Return only what lies between the first line of the entries and the line containing "1.2V AA AAA", both lines included.

── TASK INPUTS ──

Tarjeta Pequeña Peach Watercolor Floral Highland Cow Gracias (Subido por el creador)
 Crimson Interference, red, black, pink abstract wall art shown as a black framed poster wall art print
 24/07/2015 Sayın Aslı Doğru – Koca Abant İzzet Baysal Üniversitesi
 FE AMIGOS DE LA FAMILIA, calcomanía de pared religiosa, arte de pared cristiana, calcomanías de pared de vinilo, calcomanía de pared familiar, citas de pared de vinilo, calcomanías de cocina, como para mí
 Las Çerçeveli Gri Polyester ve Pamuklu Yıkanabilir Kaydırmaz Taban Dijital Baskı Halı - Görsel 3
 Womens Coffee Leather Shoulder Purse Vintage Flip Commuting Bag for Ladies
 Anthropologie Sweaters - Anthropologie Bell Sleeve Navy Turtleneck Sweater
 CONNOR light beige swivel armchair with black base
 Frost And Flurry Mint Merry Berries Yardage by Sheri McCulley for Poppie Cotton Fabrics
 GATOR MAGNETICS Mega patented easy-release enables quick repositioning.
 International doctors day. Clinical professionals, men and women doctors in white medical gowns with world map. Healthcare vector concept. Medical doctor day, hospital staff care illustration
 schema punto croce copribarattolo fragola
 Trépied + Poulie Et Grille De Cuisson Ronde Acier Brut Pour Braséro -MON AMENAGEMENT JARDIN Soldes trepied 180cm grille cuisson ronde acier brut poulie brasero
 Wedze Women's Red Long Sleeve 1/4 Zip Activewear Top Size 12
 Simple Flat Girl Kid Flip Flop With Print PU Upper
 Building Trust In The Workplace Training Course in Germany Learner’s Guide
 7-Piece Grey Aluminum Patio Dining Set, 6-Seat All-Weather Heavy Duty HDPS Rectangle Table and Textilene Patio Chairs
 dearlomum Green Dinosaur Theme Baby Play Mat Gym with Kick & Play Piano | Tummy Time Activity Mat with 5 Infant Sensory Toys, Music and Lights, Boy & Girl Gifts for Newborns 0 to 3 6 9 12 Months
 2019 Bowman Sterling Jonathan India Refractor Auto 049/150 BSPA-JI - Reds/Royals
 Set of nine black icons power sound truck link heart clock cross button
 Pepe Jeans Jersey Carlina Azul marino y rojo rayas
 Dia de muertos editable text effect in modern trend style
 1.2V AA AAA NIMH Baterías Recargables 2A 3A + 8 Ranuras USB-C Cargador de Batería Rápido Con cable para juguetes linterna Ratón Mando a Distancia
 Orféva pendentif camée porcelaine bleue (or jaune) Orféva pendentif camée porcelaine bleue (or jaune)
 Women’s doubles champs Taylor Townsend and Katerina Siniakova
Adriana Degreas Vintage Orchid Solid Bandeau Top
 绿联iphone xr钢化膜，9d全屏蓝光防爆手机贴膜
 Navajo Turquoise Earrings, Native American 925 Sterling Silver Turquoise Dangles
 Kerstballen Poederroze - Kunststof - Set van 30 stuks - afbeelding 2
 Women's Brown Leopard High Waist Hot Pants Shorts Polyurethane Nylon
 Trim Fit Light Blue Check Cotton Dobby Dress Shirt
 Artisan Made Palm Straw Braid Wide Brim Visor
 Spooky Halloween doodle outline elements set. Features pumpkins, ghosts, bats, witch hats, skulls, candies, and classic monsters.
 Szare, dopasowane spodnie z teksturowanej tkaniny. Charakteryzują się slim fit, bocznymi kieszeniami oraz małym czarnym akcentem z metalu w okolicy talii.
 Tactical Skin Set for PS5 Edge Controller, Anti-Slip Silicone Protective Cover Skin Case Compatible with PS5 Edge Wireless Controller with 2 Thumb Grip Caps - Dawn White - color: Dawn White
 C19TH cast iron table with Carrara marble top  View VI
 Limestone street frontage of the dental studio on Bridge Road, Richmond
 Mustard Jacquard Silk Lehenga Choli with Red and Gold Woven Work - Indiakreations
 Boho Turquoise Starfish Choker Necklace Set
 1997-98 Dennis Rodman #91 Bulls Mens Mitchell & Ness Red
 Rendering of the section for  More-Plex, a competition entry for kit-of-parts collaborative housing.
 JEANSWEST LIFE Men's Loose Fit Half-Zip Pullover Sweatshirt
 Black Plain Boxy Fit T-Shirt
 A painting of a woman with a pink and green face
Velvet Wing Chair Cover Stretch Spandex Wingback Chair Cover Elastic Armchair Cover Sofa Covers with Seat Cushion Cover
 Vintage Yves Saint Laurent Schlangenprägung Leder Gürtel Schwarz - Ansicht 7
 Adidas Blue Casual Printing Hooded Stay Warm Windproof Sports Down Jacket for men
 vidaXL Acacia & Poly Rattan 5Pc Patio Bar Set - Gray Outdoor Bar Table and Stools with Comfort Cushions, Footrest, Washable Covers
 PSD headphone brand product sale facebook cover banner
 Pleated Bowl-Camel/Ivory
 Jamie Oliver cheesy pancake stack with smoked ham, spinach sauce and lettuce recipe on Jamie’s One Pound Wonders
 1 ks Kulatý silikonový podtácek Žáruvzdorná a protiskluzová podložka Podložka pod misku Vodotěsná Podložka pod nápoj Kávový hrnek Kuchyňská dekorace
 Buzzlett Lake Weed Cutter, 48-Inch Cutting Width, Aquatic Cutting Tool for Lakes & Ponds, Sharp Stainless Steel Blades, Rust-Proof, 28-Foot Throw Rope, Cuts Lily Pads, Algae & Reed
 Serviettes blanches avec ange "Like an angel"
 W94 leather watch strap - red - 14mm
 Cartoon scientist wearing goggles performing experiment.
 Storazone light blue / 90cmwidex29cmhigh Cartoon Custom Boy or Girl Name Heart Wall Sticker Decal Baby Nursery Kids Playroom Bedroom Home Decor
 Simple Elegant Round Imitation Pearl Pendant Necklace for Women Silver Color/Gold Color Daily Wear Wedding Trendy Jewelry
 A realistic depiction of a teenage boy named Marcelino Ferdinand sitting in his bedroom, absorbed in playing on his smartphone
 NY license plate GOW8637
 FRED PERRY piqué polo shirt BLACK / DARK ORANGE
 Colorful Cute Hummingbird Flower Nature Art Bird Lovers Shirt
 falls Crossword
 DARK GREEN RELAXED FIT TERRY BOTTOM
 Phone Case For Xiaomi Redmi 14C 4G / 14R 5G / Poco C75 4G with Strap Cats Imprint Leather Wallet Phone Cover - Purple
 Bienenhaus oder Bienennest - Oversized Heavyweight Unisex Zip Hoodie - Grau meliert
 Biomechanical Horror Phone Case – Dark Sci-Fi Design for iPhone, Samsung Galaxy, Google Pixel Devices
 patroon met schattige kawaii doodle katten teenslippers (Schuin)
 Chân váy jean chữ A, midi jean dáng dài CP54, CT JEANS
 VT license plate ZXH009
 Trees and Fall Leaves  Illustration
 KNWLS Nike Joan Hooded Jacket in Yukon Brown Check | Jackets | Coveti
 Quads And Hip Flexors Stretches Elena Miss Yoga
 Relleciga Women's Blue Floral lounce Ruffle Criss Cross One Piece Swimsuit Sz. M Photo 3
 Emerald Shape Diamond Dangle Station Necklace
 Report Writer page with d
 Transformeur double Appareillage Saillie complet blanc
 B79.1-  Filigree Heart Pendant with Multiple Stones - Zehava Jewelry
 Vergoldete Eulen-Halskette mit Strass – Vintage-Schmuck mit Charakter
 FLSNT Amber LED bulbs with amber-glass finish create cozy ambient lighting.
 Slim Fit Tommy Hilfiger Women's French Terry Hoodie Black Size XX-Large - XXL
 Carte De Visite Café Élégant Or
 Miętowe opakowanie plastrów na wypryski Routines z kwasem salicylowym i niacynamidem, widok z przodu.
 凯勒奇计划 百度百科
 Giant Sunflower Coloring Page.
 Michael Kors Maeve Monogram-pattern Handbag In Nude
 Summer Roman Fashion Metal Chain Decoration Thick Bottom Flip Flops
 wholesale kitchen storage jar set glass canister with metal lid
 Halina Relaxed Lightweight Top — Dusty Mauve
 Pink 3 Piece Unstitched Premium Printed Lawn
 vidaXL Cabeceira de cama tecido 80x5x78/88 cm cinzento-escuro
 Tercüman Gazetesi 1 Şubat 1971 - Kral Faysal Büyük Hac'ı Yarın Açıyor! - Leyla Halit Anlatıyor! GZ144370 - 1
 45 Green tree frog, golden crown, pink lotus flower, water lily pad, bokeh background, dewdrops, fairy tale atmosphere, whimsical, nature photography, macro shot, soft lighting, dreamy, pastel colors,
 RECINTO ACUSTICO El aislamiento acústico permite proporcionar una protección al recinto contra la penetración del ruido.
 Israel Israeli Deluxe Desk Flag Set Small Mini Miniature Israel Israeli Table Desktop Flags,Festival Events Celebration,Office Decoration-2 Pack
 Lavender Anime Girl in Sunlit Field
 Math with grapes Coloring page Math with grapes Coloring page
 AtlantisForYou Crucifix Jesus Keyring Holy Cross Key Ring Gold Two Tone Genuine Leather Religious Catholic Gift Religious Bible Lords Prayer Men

───

--- EXPECTED OUTPUT ---
Tarjeta Pequeña Peach Watercolor Floral Highland Cow Gracias (Subido por el creador)
 Crimson Interference, red, black, pink abstract wall art shown as a black framed poster wall art print
 24/07/2015 Sayın Aslı Doğru – Koca Abant İzzet Baysal Üniversitesi
 FE AMIGOS DE LA FAMILIA, calcomanía de pared religiosa, arte de pared cristiana, calcomanías de pared de vinilo, calcomanía de pared familiar, citas de pared de vinilo, calcomanías de cocina, como para mí
 Las Çerçeveli Gri Polyester ve Pamuklu Yıkanabilir Kaydırmaz Taban Dijital Baskı Halı - Görsel 3
 Womens Coffee Leather Shoulder Purse Vintage Flip Commuting Bag for Ladies
 Anthropologie Sweaters - Anthropologie Bell Sleeve Navy Turtleneck Sweater
 CONNOR light beige swivel armchair with black base
 Frost And Flurry Mint Merry Berries Yardage by Sheri McCulley for Poppie Cotton Fabrics
 GATOR MAGNETICS Mega patented easy-release enables quick repositioning.
 International doctors day. Clinical professionals, men and women doctors in white medical gowns with world map. Healthcare vector concept. Medical doctor day, hospital staff care illustration
 schema punto croce copribarattolo fragola
 Trépied + Poulie Et Grille De Cuisson Ronde Acier Brut Pour Braséro -MON AMENAGEMENT JARDIN Soldes trepied 180cm grille cuisson ronde acier brut poulie brasero
 Wedze Women's Red Long Sleeve 1/4 Zip Activewear Top Size 12
 Simple Flat Girl Kid Flip Flop With Print PU Upper
 Building Trust In The Workplace Training Course in Germany Learner’s Guide
 7-Piece Grey Aluminum Patio Dining Set, 6-Seat All-Weather Heavy Duty HDPS Rectangle Table and Textilene Patio Chairs
 dearlomum Green Dinosaur Theme Baby Play Mat Gym with Kick & Play Piano | Tummy Time Activity Mat with 5 Infant Sensory Toys, Music and Lights, Boy & Girl Gifts for Newborns 0 to 3 6 9 12 Months
 2019 Bowman Sterling Jonathan India Refractor Auto 049/150 BSPA-JI - Reds/Royals
 Set of nine black icons power sound truck link heart clock cross button
 Pepe Jeans Jersey Carlina Azul marino y rojo rayas
 Dia de muertos editable text effect in modern trend style
 1.2V AA AAA NIMH Baterías Recargables 2A 3A + 8 Ranuras USB-C Cargador de Batería Rápido Con cable para juguetes linterna Ratón Mando a Distancia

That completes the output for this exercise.